Back in December, during their acceptance speech for the IndieWire Honors Performance Award, Lily Gladstone sang praise for the film they considered “the absolute highlight of [their] career,” “the best work I feel like I’ve ever done,” and on which they worked with “the greatest, most visionary, most committed director of my life.”
And then, quite cheekily, they revealed that they weren’t talking about Killers of the Flower Moon. They were talking about Erica Tremblay’s critically acclaimed Fancy Dance, which premiered at the 2023 Sundance Film Festival in January of last year, and which had been frustratingly unable to come by any distributors despite the rousing critical acclaim it received.
That wait is finally over. Per The Hollywood Reporter, Apple has taken the liberty of purchasing the distribution rights of Fancy Dance, meaning it won’t be long before—in their own words—Gladstone’s actual best-ever work graces theaters and Apple TV+. (There’s no release date set yet but THR says it will be coming “later this year.”

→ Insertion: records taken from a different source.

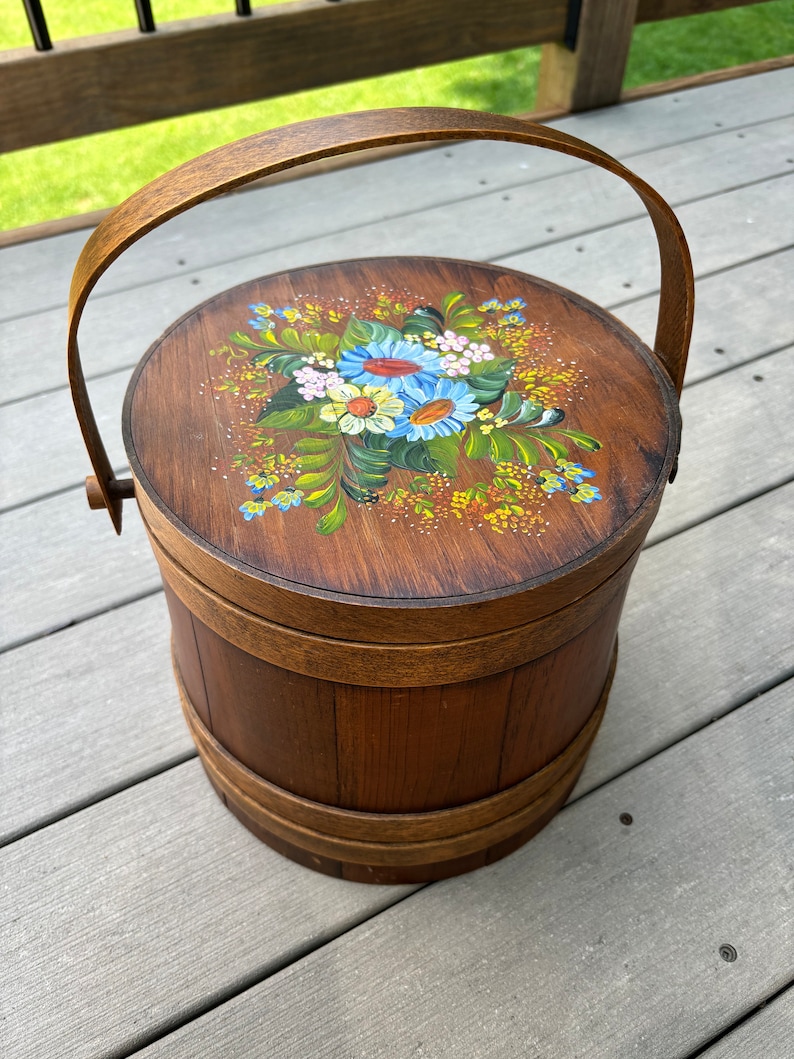 May include: A wooden bucket with a handle, painted with a floral design in shades of blue, yellow, green, and pink. The bucket is made of wood and has a natural brown finish.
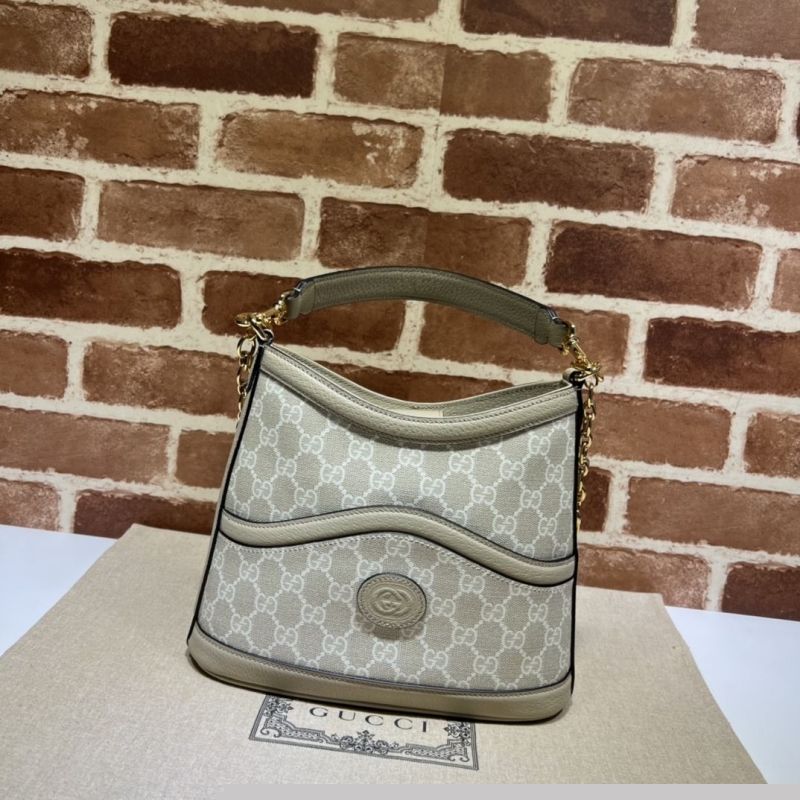 G*u*i top handle bags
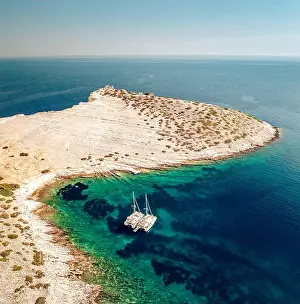 Blue Boat Prints: Aerial view of a catamaran peacefully floats on azure waters near a rocky island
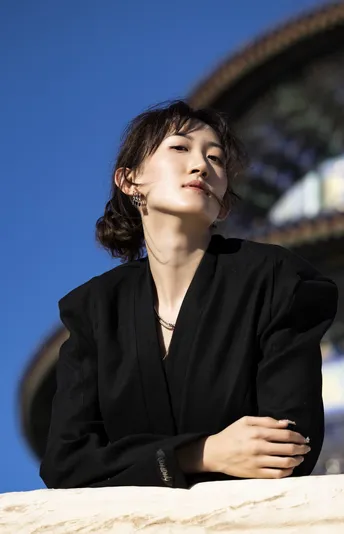 一位穿着全黑衣服的年轻女子站在一栋建筑前 太阳在天空中高高升起。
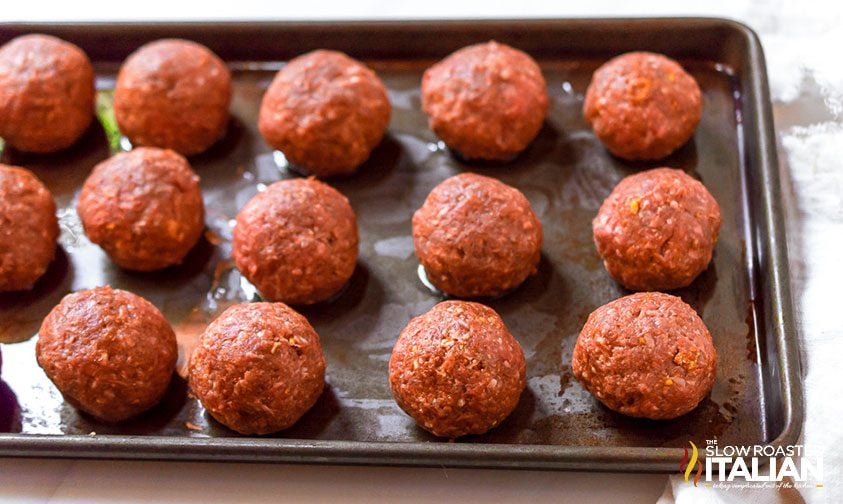tex mex meatballs on a greased baking sheet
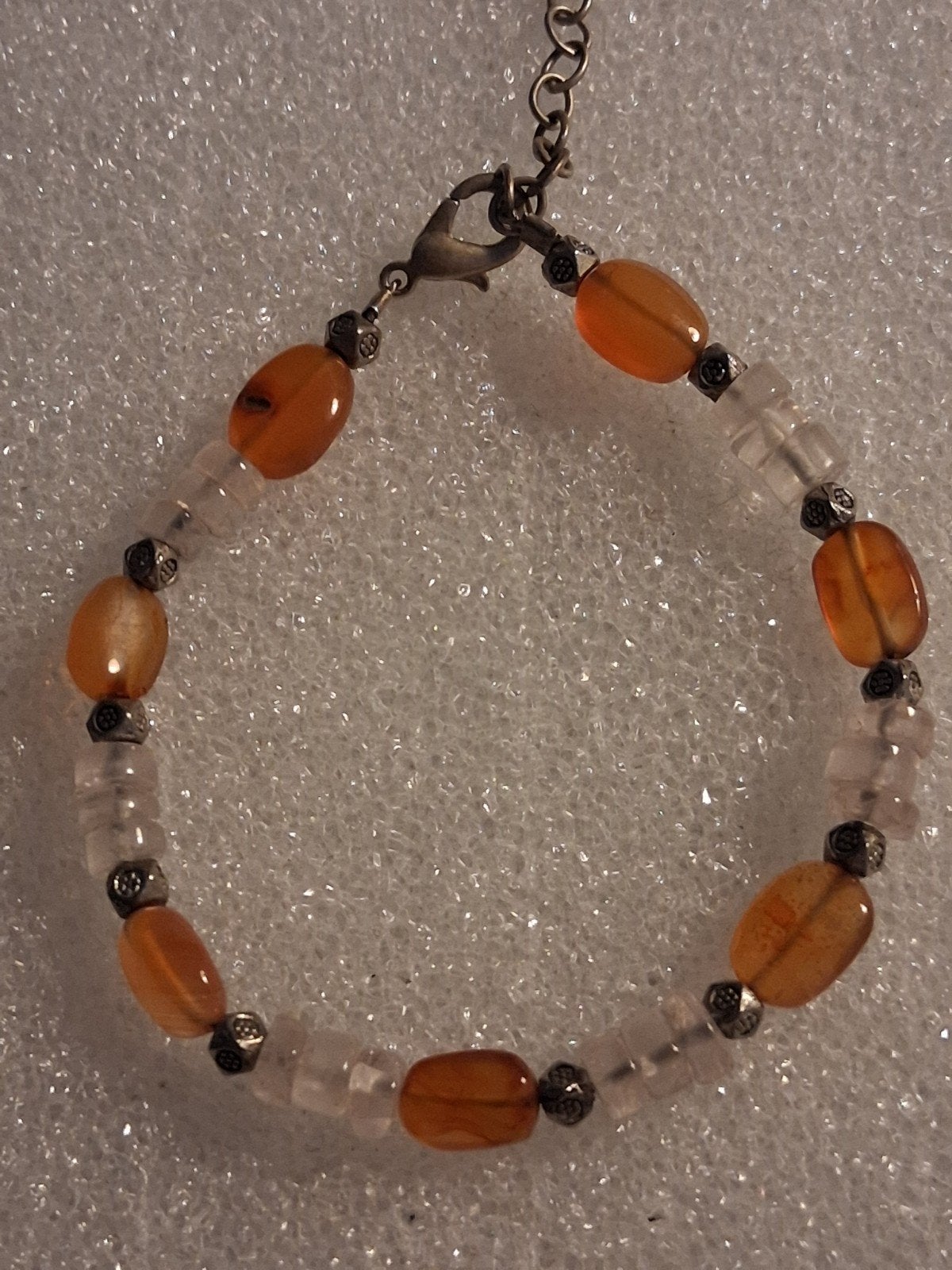 Armband Carneool/Rosekwarts met zilveren tussenkralen, Ophalen of Verzenden, Nieuw, Oranje, Overige materialen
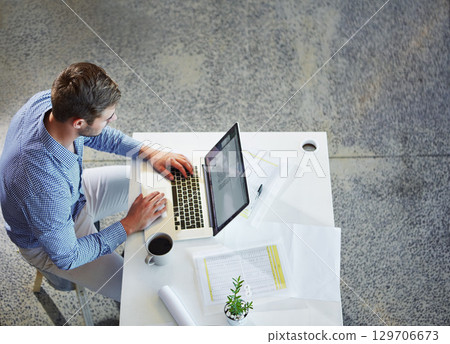 Top view, business and man with laptop, typing and planning for schedule, project deadline and office. Male employee, ceo and entrepreneur with digital marketing, online research and web launch Top view, business and man with laptop, typing and planning for schedule, project deadline and office. Male employee, ceo and entrepreneur with digital marketing, online research and web launch 129706673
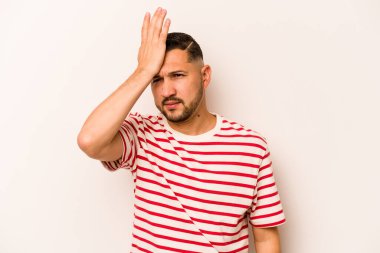 Beyaz arka planda izole edilmiş genç İspanyol bir adam bir şeyi unutuyor. Alnına avuç içi ile vuruyor ve gözlerini kapıyor..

Fancy Dance is the narrative feature debut from Tremblay, who has written on the phenomenal series Dark Winds and Reservation Dogs, and directed two episodes of the latter. The film follows Jax (Gladstone), a Seneca-Caguya woman who steps in to care for her niece Roki following the disappearance of Roki’s mother, who’s also Jax’s sister. In her spare time, Jax dedicates herself to finding her sister while helping Roki get ready for a powwow, but eventually faces the threat of losing custody of Roki to the girl’s white father. Desperate to keep her family intact, Jax takes Roki on a road trip to the Oklahoma state powwow, hoping that her sister will turn up along the way.
As profound as Killers of the Flower Moon was, there’s no denying the utmost importance of making Indigenous-centric films by actual Indigenous creators as visible and accessible as possible, so the fact that Fancy Dance will finally be finding the audience that it both needs and deserves is not only one to be celebrated, but one that should be reflected on as the entertainment industry and the variety of stories it tells continue to evolve.